Exercise materials Start Marker
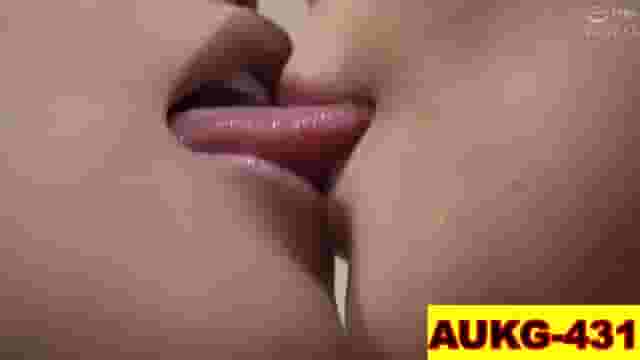 2 girls soft tongue kiss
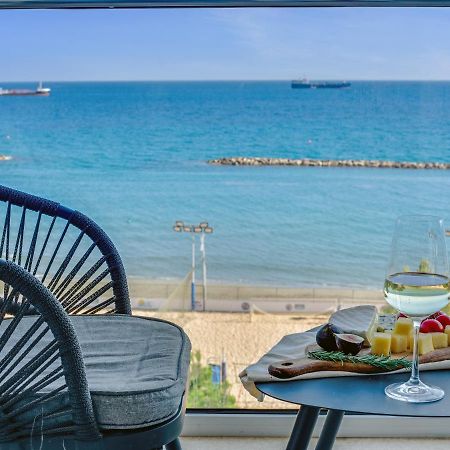 Sanders Kanika Sea Forum - Adorable 2-Bedroom Apartment With Sea View ลิมาซอล ภายนอก รูปภาพ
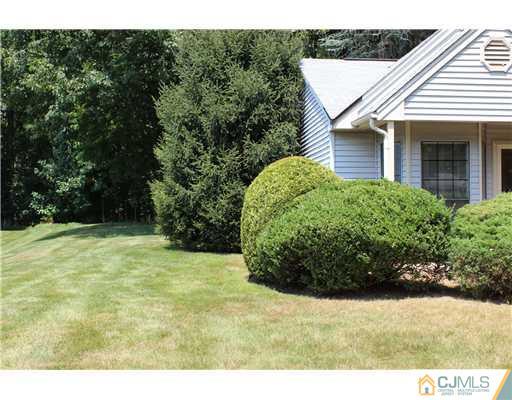 2001 Timber Oaks Road Edison, NJ 08820 - Photo 21 of 25 a view of a backyard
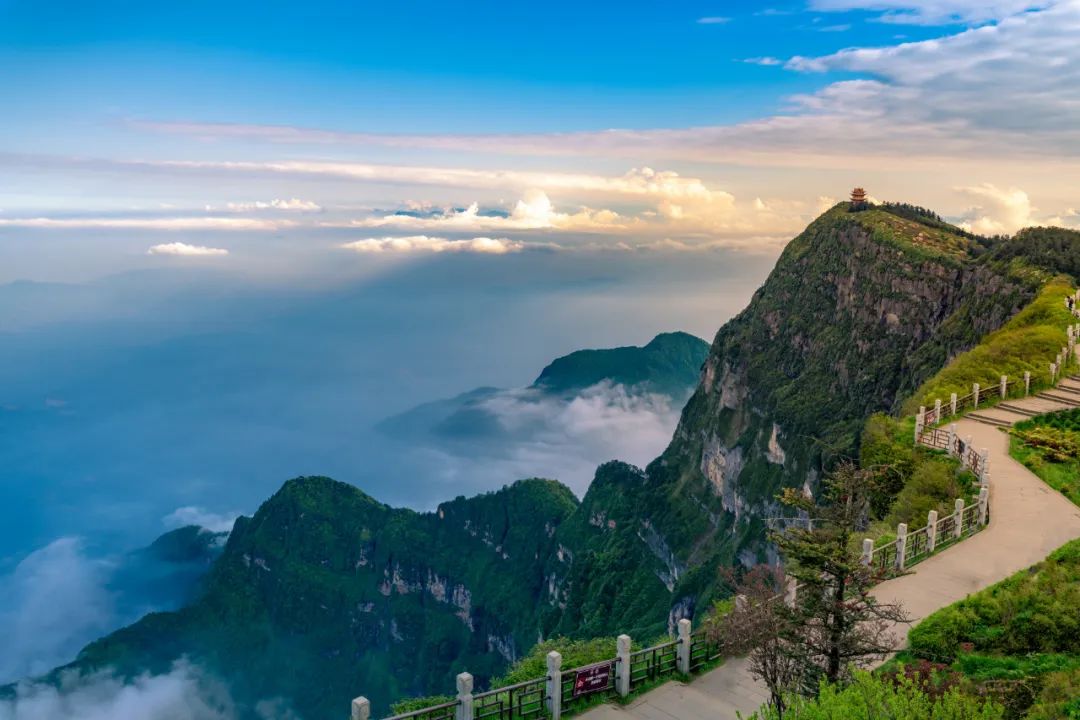 峨眉山7月旅游攻略-夏季游峨眉山攻略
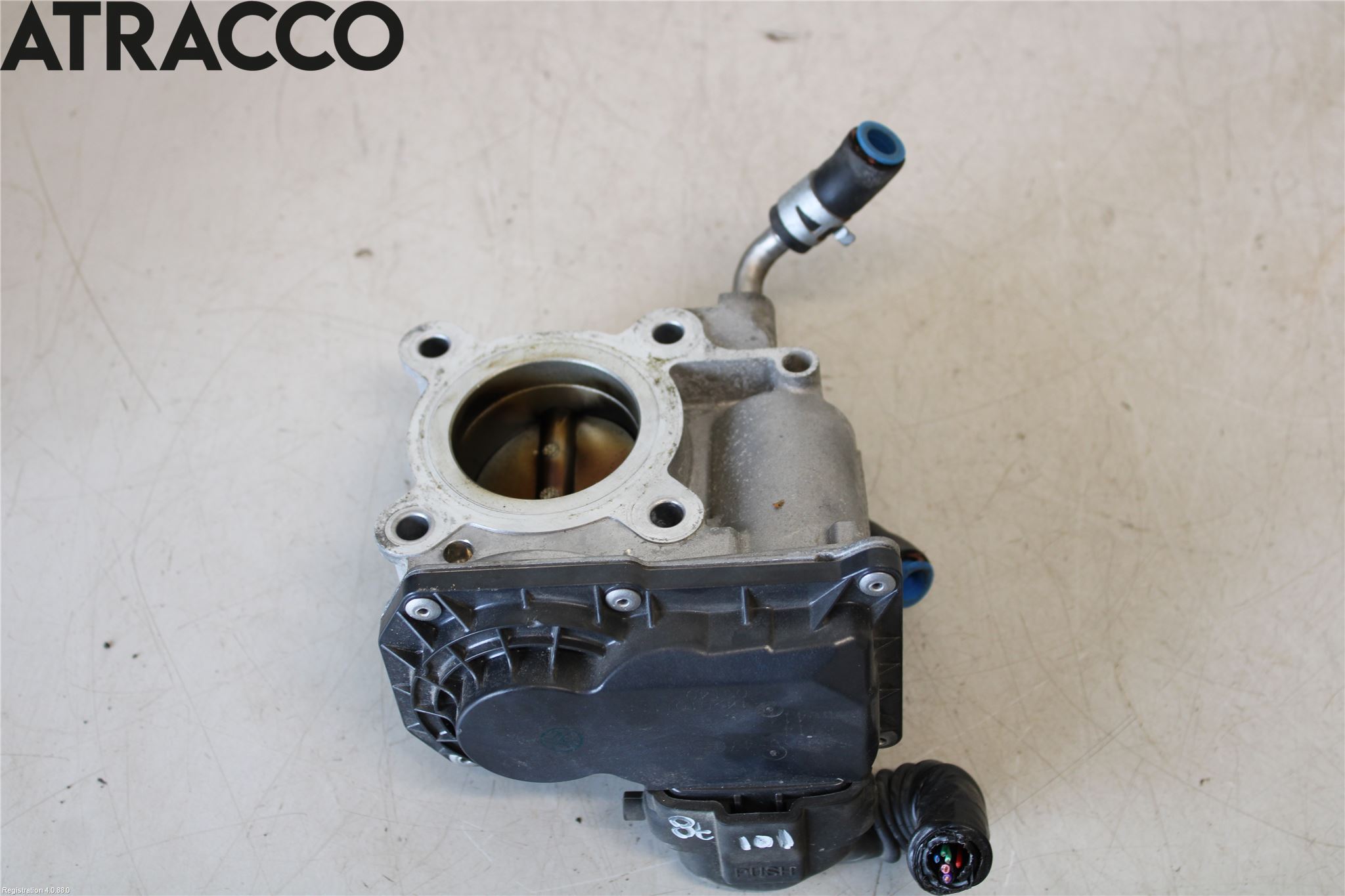 Toyota AURIS 13-19 Inns Spjeldhus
Exercise materials End Marker
Omit all pictures while transcribing the entries verbatim.

 2 girls soft tongue kiss
 Sanders Kanika Sea Forum - Adorable 2-Bedroom Apartment With Sea View ลิมาซอล ภายนอก รูปภาพ
 2001 Timber Oaks Road Edison, NJ 08820 - Photo 21 of 25 a view of a backyard
 峨眉山7月旅游攻略-夏季游峨眉山攻略
 Toyota AURIS 13-19 Inns Spjeldhus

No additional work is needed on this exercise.